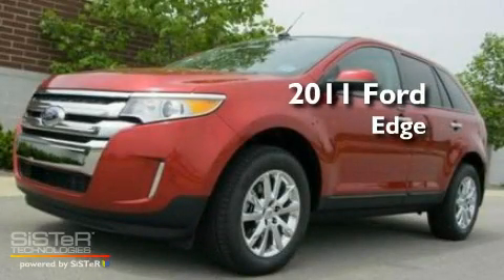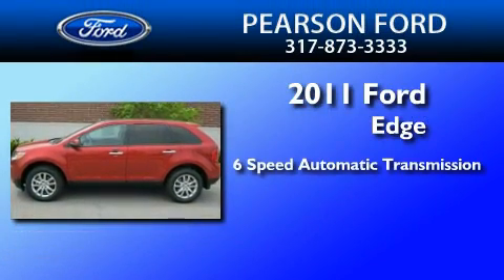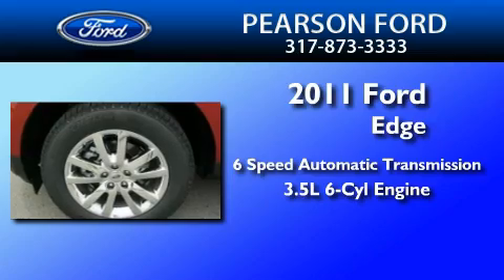This is a brand new 2011 Ford Edge. This crossover has a 6-speed automatic transmission and a 3.5-liter V6.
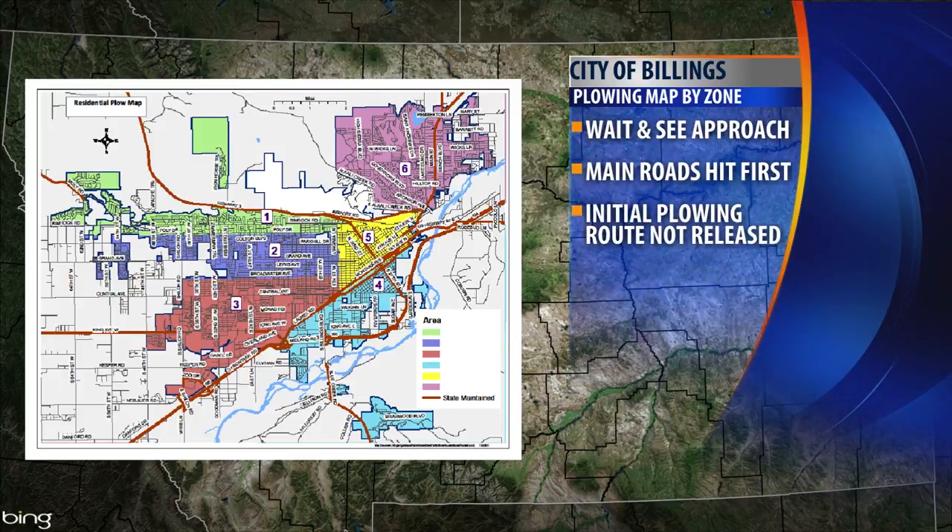Billings Public Works says it hasn't chosen which section will be plowed first because there's no guarantee that the snow will fall. And some safety tips for winter driving around snow plows: slow down, give the plow plenty of room, and be prepared with a survival kit in your car.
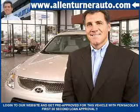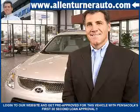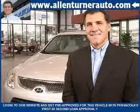Welcome to Alan Turner's website. Please notice Pensacola's first 30-second loan approval. Get your loan before you visit Alan Turner Hyundai, and it only takes seconds.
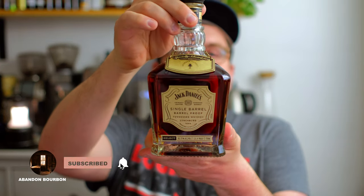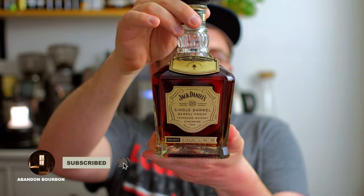Hey everyone, welcome back. My name is Brian and we have another video in collaboration with Keg and Bottle and Bourbon Pursuit. We are taking a look at their new Jack Daniels barrel proof single barrel today — this is 131.4 proof, got the nice looking neck tag right here.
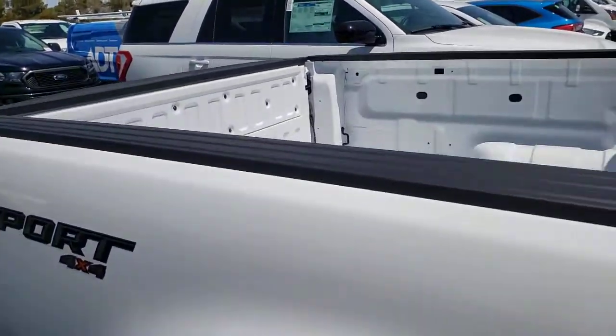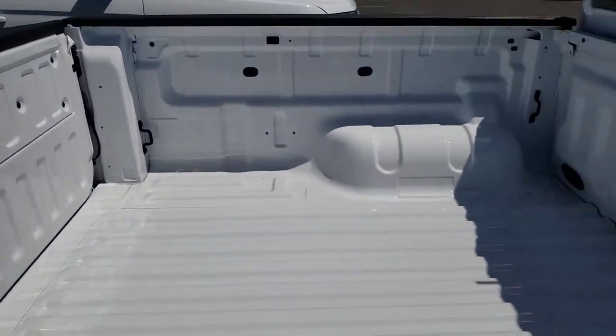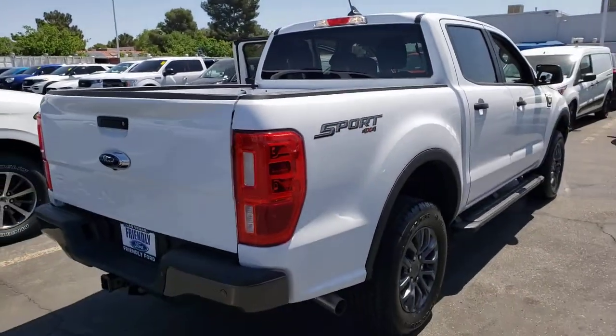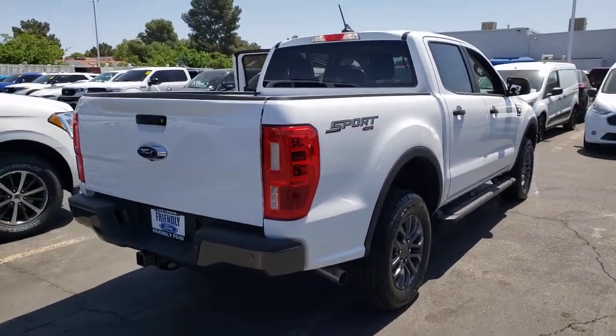With features like smart terrain management and driver assist tech, straightforward controls, and a rugged, dependable build, this truck helps you make the most of your outdoor lifestyle.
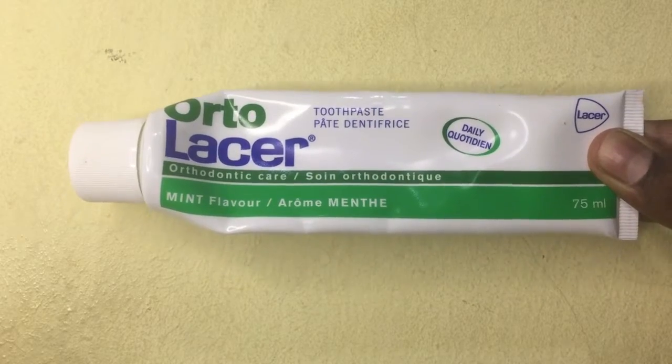First and foremost, I'm going to share the toothpaste that you should buy and use. The key tip is: don't use toothpaste that contains a higher amount of chemicals. So how do you know if a toothpaste contains more chemicals? I learned this tip from my father — every toothpaste has a colored line at the bottom of the tube.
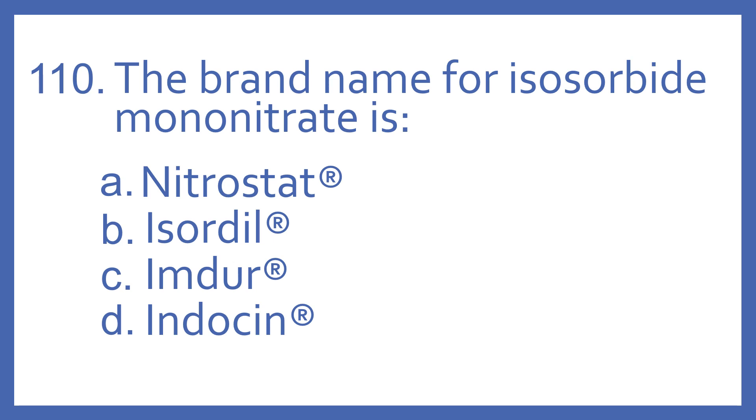Number 110. The brand name for isosorbide mononitrate is: A. Nitrostat, B. Isordil, C. Imdur, or D. Indocin.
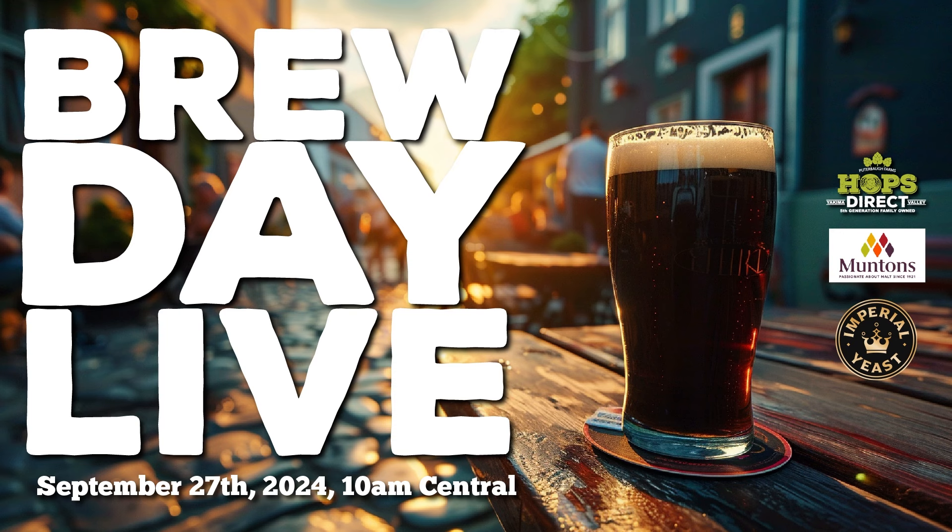That's a good segue — if you're watching live or on Thursday, September 26th, my pop and I have brew day live this Friday, September 27th, at 10 AM Central, live at youtube.com/homebrewhappyhour. Come join the chat. Normally we start mashing in around 9:15 Central, so by the time the live stream starts we have a little bit of time left. This is a Schwartz beer.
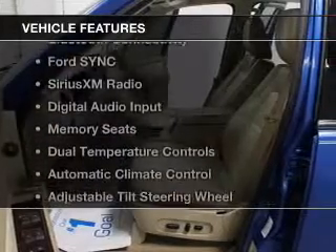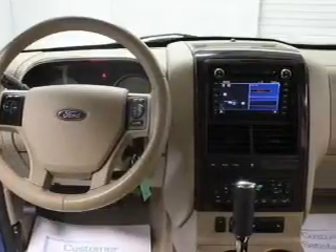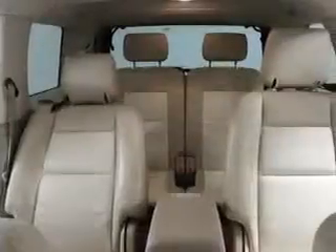The features include leather seats, heated seats, Bluetooth connectivity, Ford Sync voice activation, Sirius XM satellite radio, digital audio input, memory seats, dual temperature controls, and automatic climate control.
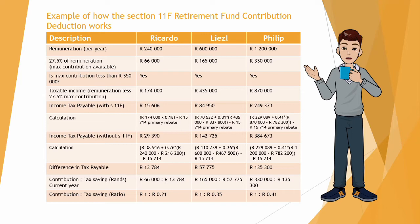We then want to look at what the contribution to the tax savings in Rand will be for the current year. For Ricardo, if he contributes R66,000 to a retirement annuity, that will result in a tax saving on income tax of R13,784.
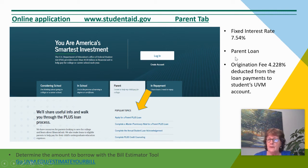The loan is in the parent's name. It has a fixed interest rate of 7.54%. There is an origination fee of 4.228% that is deducted from the loan payments that are sent to the student's UVM account.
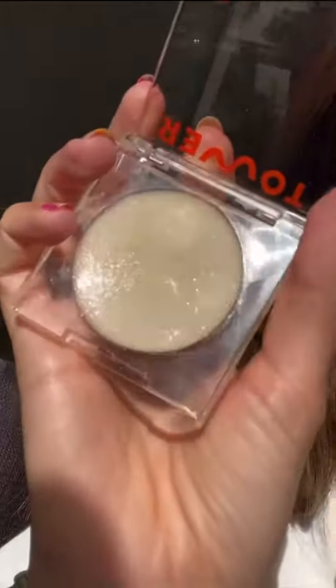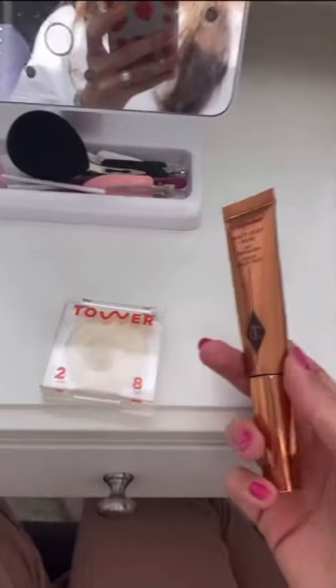Are you trying to achieve that glowy, dewy, kind of sweaty look without any glitter or shimmer? Then keep watching. This is the Tower 28 Super Dew and it is the most unique highlighter I've ever tried. It is a completely clear, colorless balm that bounces light off of your face. It is so unique.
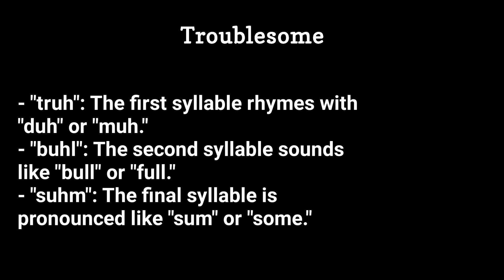Putting it all together, the pronunciation is troublesome. Keep practicing, and soon you'll be saying troublesome with confidence. That's all for today's video. Thanks for watching, and see you next time on pronunciation guide series.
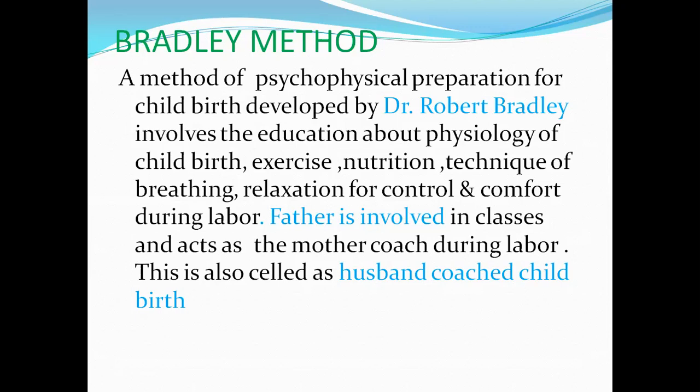They also teach different techniques of breathing, especially during labor — for example, diaphragmatic breathing and abdominal breathing. Relaxation for control and comfort during pregnancy and labor is also taught — how to relax and feel comfort during pregnancy and during labor.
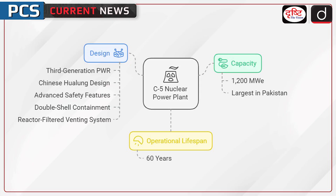Let's now discuss capacity and design. The C5 plant will have a capacity of at least 1,200 MW electric, making it the largest electricity-generating unit in Pakistan. It will feature a third-generation pressurized water reactor of Chinese Hualong design, known for its advanced safety features including double-shell containment and a reactor-filtered venting system. The plant is designed to operate for at least 60 years.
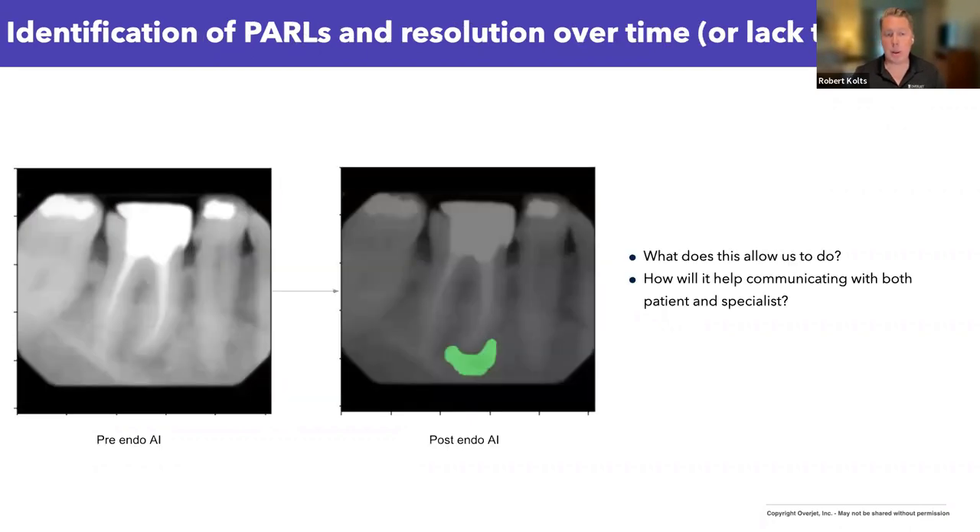We're also able to detect periapical radiolucencies — a model that's under development. This is significant because periapical radiolucencies are actually quite underdiagnosed in dentistry. They typically show up as incidental findings on another x-ray — you're not typically looking for them unless a patient comes in with a chief complaint of pain. You'd usually find these incidentally on a crown seat appointment or when doing FMXs. Unless the patient has symptoms, providers sometimes struggle with the diagnosis and knowing what treatment to render. What if this could be identified in an automated fashion, making it easier to communicate to your patient that there's something to address or monitor, and to communicate with your specialist? I think that would certainly improve patient outcomes.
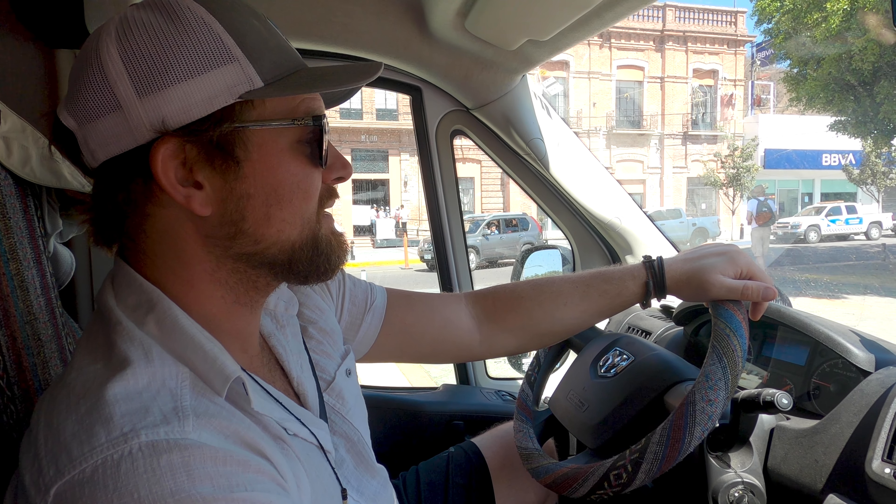Oh shit! That's what can happen in Mexico. That's the direction we're supposed to go, but... just rocks in the middle of the road. I don't have a big enough lift on this van to get over those rocks.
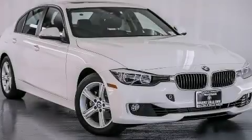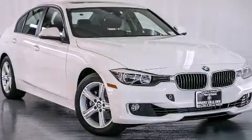Stop by today and test drive this vehicle for yourself. Thank you.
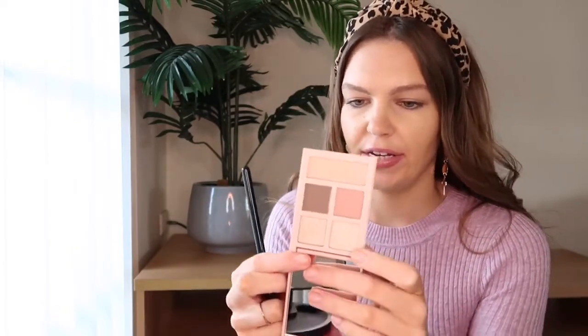Now I'm going to apply these products on my face. I'm going to start by applying some eyeshadow, beginning with the shade called Shell, which is kind of a matte, very light shade. I'm just going to apply that all over my lid.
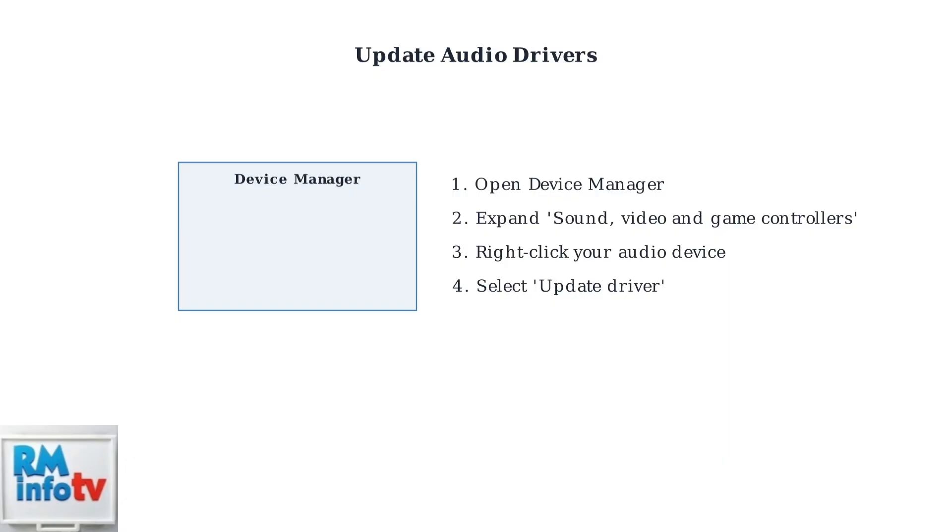If basic troubleshooting didn't solve your microphone issues, we need to dive deeper. First, let's update your audio drivers through Device Manager. Open Device Manager, expand Sound, Video, and Game Controllers, then right-click your audio device and select Update Driver. This ensures you have the latest compatibility fixes.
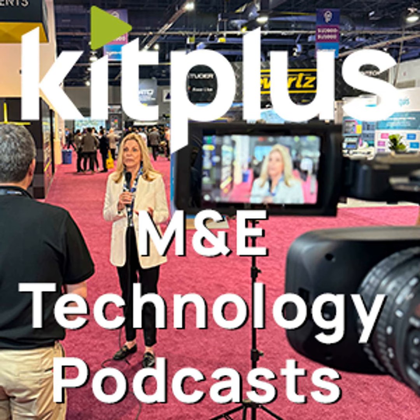The website again is www.leaderfabrics.com. Kevin, thank you very much indeed. Do check out the website, and look for the other videos we're doing here on the Leader booth at IBC. For everything else we're doing at the show, that's at kitplus.com.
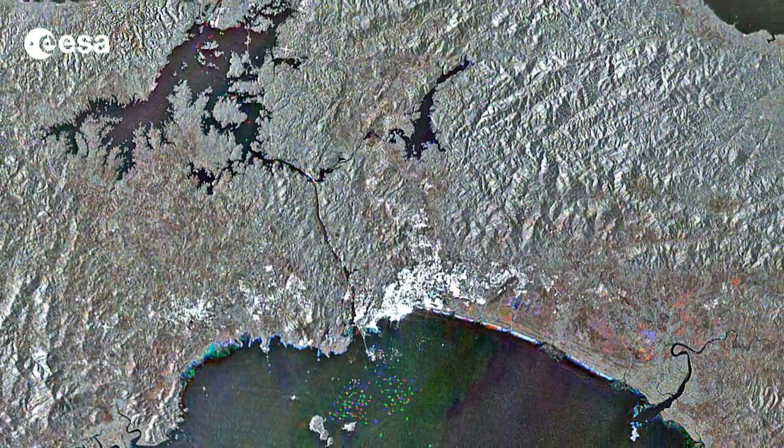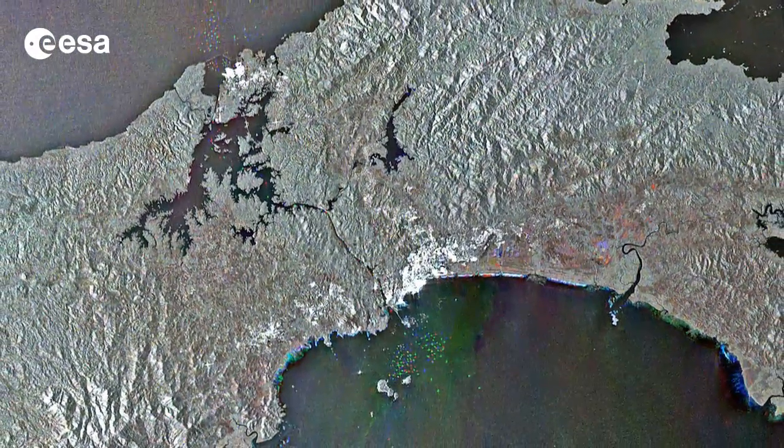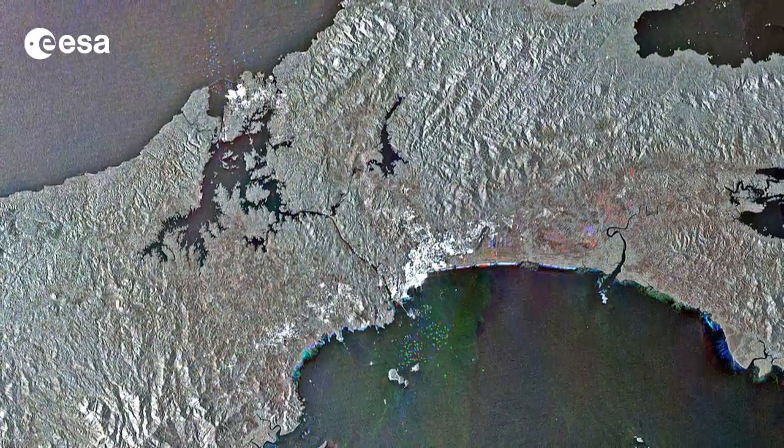Hi, I'm Kelsea Brennan-Wessels and you are watching Earth from Space on the European Space Agency Web TV. Central Panama and its 80-kilometer-long ship canal that connects the Pacific and Atlantic Oceans by way of the Caribbean Sea are pictured in this Envisat image.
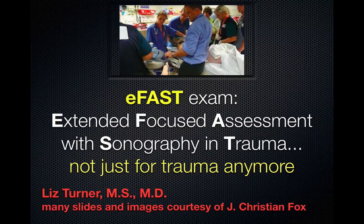The eFAST exam — Extended Focused Assessment with Sonography and Trauma — not just for trauma anymore. Many slides and images of this talk are courtesy of J. Christian Fox of the UC Irvine Medical Center.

::::

In the entries above, every line from the line with "We then want" to the line with "Let's now discuss" is to be printed exactly, with both ends included and pictures excluded.

We then want to look at what the contribution to the tax savings in Rand will be for the current year. For Ricardo, if he contributes R66,000 to a retirement annuity, that will result in a tax saving on income tax of R13,784.
The loan is in the parent's name. It has a fixed interest rate of 7.54%. There is an origination fee of 4.228% that is deducted from the loan payments that are sent to the student's UVM account.
Are you trying to achieve that glowy, dewy, kind of sweaty look without any glitter or shimmer? Then keep watching. This is the Tower 28 Super Dew and it is the most unique highlighter I've ever tried. It is a completely clear, colorless balm that bounces light off of your face. It is so unique.
Putting it all together, the pronunciation is troublesome. Keep practicing, and soon you'll be saying troublesome with confidence. That's all for today's video. Thanks for watching, and see you next time on pronunciation guide series.
They also teach different techniques of breathing, especially during labor — for example, diaphragmatic breathing and abdominal breathing. Relaxation for control and comfort during pregnancy and labor is also taught — how to relax and feel comfort during pregnancy and during labor.
Let's now discuss capacity and design. The C5 plant will have a capacity of at least 1,200 MW electric, making it the largest electricity-generating unit in Pakistan. It will feature a third-generation pressurized water reactor of Chinese Hualong design, known for its advanced safety features including double-shell containment and a reactor-filtered venting system. The plant is designed to operate for at least 60 years.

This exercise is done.